Council considers longboarding bylaw

The City of Vernon is looking into a bylaw that would require longboarders to wear safety equipment, including helmets.
Image Credit: SOURCE/ Wikimedia Commons

VERNON - City officials are worried a popular high speed activity is going to have a tragic outcome.

Longboarding has been the source of many complaints from neighbourhoods featuring the slopes that make the activity such a rush, including the Rise, Middleton Mountain and the Foothills.

"I'm not a longboarder, but essentially, I think the goal is to get the thrill from speed," Vernon mayor Rob Sawatzky says. "Concerned citizens don't want to be the ones that hit, kill or injure these longboarders."

RCMP say longboarding is outside the Motor Vehicle Act, so any regulations on the activity have to come from the city.

"Longboards on a public thoroughfare are not against the Motor Vehicle Act," the city's chief administrative officer, Will Pearce, says. "If they are operating as a bicycle they are fine.... as long as they are not seen as blocking traffic."

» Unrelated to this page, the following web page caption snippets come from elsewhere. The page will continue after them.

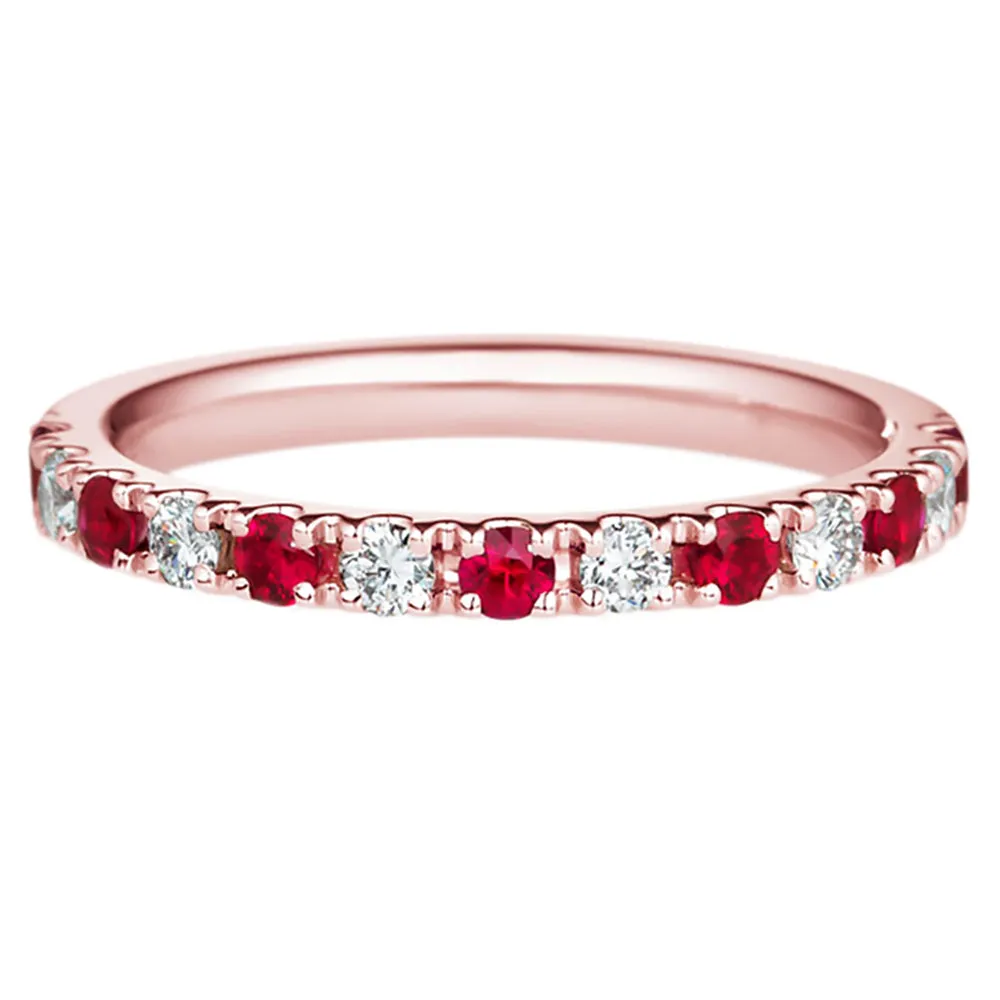 Pave Ruby and Diamond Stackable Ring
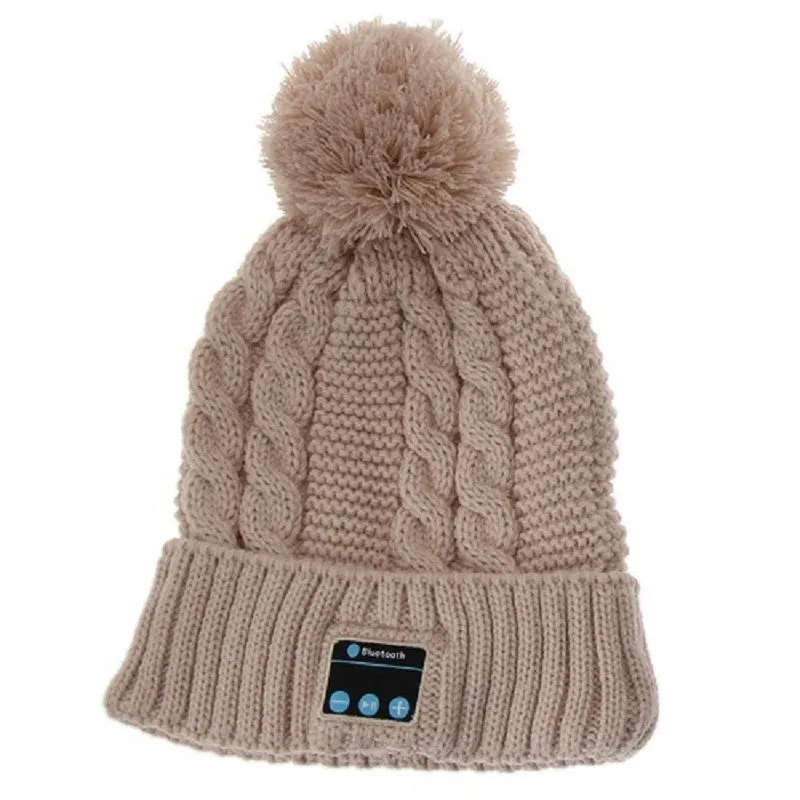 Women Winter Warm Wireless Sport Bluetooth Headset Smart Cap Headphone Speaker Soft Warming Bluetooth Beanie Hat For Smartphone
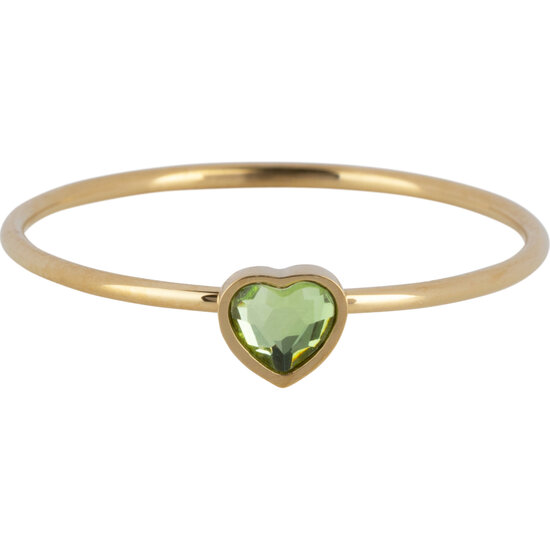 Charmin's Goudkleurige Ring met Lichtgroene Hartsteen Staal R1582 – Birthstone Augustus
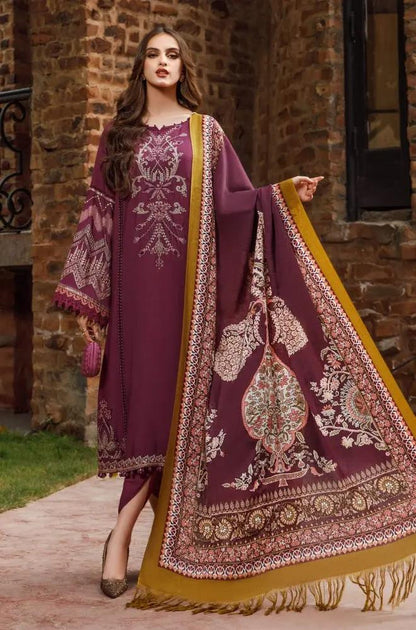 Maria B - 3PC Unstitched Dhanak Embroidered Shirt with Digital Printed Dupatta and Trouser - RF1203 royalpret
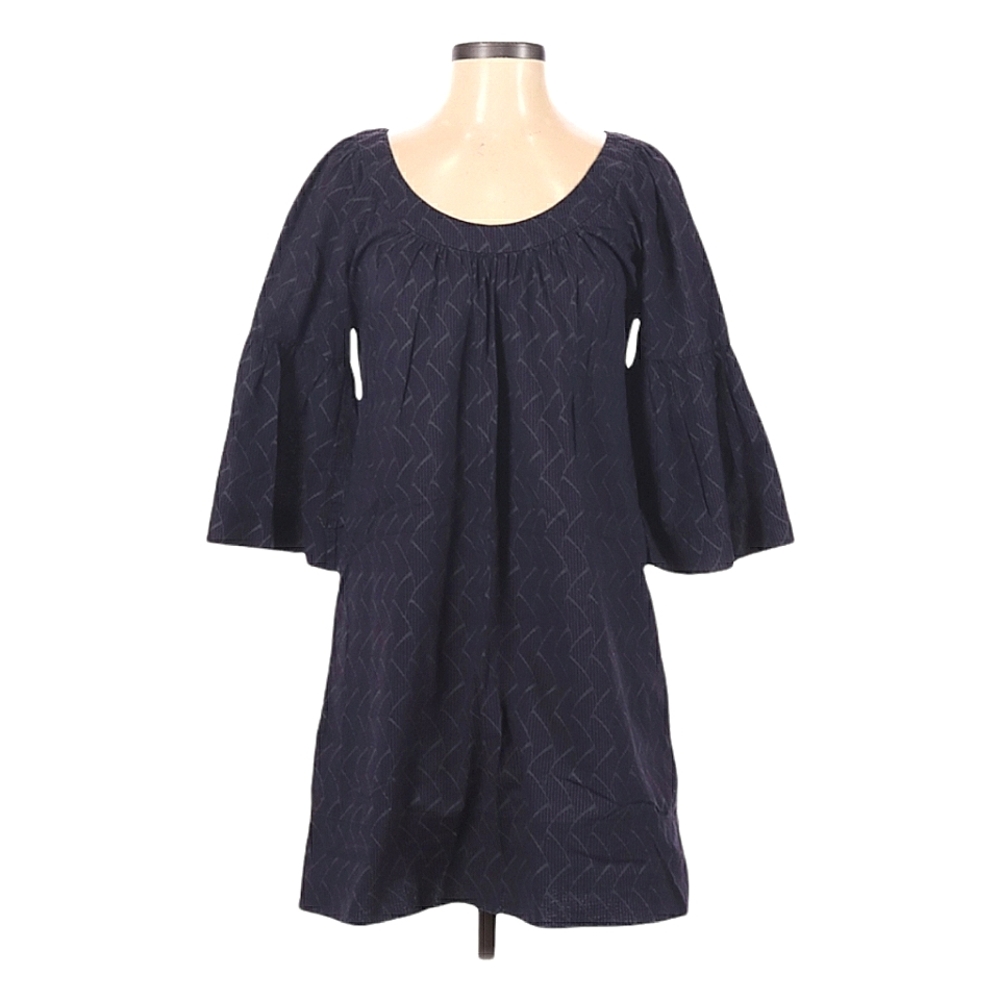 French Connection A-line Dress Size 2 Scoop Neck 3/4 Sleeve 100% Cotton Ruching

The Rise neighbourhood association asked council to make longboarding illegal and to enforce compliance, but Pearce says strata developments are the ones responsible for private roadways, not the city.

Sawatzky doesn't want to do anything that would discourage young people from spending time outdoors.

"It's certainly an issue where you're balancing wanting to see healthy active young people, and at the same time it's a dangerous risk taking activity. When human bodies meet cars, cars always win," Sawatzky says.

Which is why the city is considering a bylaw which would require longboarders to wear safety gear, including helmets.

"We can definitely bring in bylaws," Sawatzky says. "The problem you always have is how do you enforce those bylaws? If you bring in bylaws that are unenforcable, it makes a mockery of your other important bylaws."

Already, municipal regulations in the city's traffic bylaw restrict longboarding use, including speed, on sidewalks and the roadway, but police enforcement is rare because longboarding isn't included under the Motor Vehicle Act. The challenge would be getting longboarders to respect, rather than ignore, the rules.

"These are young productive people whose lives are ahead of them, it would be an awful thing if someone was hurt or killed," Sawatzky says.

He wonders how much safety responsibility lies with the city, and how much should be shouldered by parents.

"I think a lot of it comes down to good parenting," he says. "Should parents who love their kids allow them to be out on a four wheeled device surrounded by cars and pavement and concrete with no helmet on?"  

Sawatzky says the city will be looking into the possibility of a longboarding bylaw, but hopes parents will also do their part in educating their kids about the importance of safety.